Boruta algorithm has shown a much-improved result of variable importance as compared to the old feature selection method (RFE). In Boruta, it is easy to understand the results through the clear interpretation.

4.2.3 Simulated annealing (SA)

Simulated annealing is a search algorithm that allows a suboptimal solution to be accepted with an expectation that a better solution will be obtained at the end. This algorithm is used with an aim to get the optimal solution by producing a smaller number of feature subsets for evaluation [20]. It works by doing minor random changes to a preliminary solution and checks for the improvement in the performance. The optimal variables obtained for cervical cancer risk factors through Simulated Annealing (safs function) are shown below.

print(sa_obj$optVariables)

  1. [1]

    “Age”            ”Smokes..years.”

  2. [3]

    “Hormonal.Contraceptives”         ”STDs..number.”

  3. [5]

    “STDs..Number.of.diagnosis”         ”Dx.Cancer”

  4. [7]

    “Dx.HPV”

This procedure has derived seven important features from cervical cancer dataset.

4.2.4 Feature selection with machine learning algorithms

There is an alternate way to accomplish feature selection is to consider variables most used by several Machine Learning (ML) algorithms the most to be significant. Initially ML algorithms learn the association between X’s and Y then based on the learning, different machine learning algorithms could probably end up using different variables to various degrees. Therefore, the variables that showed suitable in a tree-based algorithm like rpart, can turn out to be less valued in a regression-based model. Hence, all variables need not be equally appropriate to all algorithms. It is apparent that employing feature subset selection using wrapper approach in ML algorithms could enhance classification accuracy [6]. Hence this work is intended to apply feature subset selection with few ML algorithms to validate and compare their performance. Steps to find variable Importance from ML Algorithms are shown below.

  • The desired model should be trained through train() function using the caret package

  • Then varImp() function is applied for finding important features

Few of ML algorithms namely rpart, C5.0, svmRadial, knn, ctree and rf were applied in this work to decide about the features which are significant to attain reliable accuracy with optimization. All these ML algorithms are intended to train the model and the models built by these algorithms would be applied on test data. Hence, we decided to use the dataset with 26 predictor variables which included those four target variables (Schiller, Citology, Biopsy, Hinselmann) also. The models were trained with respect to the decisive target variable ‘Cancer’.
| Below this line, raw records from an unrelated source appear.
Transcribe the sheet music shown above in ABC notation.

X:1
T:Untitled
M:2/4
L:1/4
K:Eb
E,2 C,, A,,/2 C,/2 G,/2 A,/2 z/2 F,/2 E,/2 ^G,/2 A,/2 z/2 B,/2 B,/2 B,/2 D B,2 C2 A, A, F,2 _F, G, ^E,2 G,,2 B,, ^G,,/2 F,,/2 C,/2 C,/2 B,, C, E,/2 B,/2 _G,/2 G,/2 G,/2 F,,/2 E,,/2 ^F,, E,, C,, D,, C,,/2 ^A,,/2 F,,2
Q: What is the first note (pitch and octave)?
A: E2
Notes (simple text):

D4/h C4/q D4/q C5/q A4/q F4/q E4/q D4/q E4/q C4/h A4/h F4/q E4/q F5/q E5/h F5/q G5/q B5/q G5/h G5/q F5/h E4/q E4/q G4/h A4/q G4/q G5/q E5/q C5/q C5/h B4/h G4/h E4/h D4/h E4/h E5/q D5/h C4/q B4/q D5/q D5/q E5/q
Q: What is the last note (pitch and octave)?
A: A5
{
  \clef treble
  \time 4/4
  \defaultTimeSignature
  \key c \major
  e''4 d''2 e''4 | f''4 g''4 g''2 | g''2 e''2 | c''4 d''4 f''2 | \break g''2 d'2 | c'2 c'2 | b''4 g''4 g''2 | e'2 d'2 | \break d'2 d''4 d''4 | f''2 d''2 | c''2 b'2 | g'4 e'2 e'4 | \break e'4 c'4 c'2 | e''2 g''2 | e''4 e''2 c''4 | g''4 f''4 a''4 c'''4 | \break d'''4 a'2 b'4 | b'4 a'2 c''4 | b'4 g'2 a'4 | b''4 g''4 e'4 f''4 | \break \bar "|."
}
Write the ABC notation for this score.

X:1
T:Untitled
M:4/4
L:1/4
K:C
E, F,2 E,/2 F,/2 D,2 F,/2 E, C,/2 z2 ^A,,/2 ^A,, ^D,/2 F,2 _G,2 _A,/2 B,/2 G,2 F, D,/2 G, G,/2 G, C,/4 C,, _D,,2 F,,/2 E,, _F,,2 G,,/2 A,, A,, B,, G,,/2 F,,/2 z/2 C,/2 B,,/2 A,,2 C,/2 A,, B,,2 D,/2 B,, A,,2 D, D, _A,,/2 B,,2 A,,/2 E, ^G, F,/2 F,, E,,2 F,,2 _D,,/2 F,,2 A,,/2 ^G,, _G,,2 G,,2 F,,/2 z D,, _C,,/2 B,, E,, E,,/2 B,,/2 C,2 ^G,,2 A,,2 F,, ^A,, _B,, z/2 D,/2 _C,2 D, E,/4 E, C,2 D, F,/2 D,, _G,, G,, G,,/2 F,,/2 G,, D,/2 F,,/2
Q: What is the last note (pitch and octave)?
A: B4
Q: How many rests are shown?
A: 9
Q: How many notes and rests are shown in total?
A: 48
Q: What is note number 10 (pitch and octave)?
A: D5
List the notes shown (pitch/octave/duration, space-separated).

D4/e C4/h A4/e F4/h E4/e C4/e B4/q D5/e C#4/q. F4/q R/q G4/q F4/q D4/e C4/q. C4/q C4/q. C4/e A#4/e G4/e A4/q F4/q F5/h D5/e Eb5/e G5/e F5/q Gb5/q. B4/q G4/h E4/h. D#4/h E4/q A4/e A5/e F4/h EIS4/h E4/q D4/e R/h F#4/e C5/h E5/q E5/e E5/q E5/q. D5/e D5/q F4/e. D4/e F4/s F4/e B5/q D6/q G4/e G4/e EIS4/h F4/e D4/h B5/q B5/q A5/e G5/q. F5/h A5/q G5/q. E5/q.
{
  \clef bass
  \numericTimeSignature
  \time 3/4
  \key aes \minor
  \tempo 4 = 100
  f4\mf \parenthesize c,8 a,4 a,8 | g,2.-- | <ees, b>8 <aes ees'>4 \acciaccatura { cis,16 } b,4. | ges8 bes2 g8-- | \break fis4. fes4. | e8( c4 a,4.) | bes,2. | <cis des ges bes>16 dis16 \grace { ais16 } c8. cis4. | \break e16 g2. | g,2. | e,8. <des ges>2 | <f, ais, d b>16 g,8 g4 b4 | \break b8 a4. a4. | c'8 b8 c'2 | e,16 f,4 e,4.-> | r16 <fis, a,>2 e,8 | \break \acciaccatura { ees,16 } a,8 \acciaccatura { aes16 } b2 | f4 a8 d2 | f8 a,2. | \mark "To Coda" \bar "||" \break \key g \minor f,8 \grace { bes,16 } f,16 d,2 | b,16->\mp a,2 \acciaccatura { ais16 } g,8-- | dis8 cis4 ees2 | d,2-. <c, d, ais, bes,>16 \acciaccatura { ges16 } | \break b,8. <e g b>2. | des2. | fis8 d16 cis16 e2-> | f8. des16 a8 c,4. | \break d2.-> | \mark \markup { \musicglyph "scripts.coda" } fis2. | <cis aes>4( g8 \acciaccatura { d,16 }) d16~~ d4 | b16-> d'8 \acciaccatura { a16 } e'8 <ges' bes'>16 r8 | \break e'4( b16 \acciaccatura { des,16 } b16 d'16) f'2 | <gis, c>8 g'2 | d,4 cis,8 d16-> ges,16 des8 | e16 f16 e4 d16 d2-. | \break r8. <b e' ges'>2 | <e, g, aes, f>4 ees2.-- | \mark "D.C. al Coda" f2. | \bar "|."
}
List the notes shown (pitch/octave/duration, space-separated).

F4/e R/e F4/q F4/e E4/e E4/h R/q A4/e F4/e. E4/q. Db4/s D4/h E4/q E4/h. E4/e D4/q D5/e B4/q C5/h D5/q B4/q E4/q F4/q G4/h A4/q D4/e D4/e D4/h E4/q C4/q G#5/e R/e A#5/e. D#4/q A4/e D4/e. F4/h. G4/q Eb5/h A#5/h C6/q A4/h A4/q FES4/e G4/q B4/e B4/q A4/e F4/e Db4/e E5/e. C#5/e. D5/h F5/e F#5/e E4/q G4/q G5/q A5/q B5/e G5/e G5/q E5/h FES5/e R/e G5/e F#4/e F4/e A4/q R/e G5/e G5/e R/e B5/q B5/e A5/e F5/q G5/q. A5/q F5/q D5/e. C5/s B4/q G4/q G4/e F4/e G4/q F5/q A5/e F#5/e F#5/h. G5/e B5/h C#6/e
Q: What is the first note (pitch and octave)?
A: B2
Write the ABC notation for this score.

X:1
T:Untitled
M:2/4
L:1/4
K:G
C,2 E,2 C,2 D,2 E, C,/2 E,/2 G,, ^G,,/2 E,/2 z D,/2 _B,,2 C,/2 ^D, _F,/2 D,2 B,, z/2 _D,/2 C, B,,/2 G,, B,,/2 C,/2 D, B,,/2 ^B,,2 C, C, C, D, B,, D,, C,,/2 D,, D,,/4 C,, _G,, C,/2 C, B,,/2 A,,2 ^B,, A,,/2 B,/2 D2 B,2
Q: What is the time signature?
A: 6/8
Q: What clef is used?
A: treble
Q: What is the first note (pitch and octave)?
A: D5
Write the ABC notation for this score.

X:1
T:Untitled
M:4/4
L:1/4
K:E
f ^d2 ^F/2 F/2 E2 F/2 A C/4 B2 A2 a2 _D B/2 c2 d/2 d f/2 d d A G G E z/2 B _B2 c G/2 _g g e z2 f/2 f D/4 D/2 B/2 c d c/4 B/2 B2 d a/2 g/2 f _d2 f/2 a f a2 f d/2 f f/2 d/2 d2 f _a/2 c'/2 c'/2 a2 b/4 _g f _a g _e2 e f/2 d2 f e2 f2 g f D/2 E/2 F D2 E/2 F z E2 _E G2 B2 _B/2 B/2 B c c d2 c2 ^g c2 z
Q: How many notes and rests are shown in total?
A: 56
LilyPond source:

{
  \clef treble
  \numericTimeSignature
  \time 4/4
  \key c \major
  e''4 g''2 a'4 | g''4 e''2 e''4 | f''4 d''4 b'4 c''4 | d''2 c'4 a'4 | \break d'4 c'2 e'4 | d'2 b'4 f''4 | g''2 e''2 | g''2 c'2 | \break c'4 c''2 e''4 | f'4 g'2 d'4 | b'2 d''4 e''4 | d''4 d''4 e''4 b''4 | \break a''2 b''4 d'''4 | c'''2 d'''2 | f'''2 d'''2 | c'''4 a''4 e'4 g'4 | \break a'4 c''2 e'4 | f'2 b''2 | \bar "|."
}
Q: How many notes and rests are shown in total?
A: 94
rpart()—The R implementation of CART algorithm is termed as RPART (Recursive Partitioning And Regression Trees). The rpart algorithm works by splitting the dataset recursively, until a predetermined termination condition is reached. At each step, the split is made based on the independent variable which allows major possible reduction in heterogeneity of the predicted variable. rpart method has shown the following output for the cervical cancer dataset considered in our work.

rpart variable importance (Output obtained in R)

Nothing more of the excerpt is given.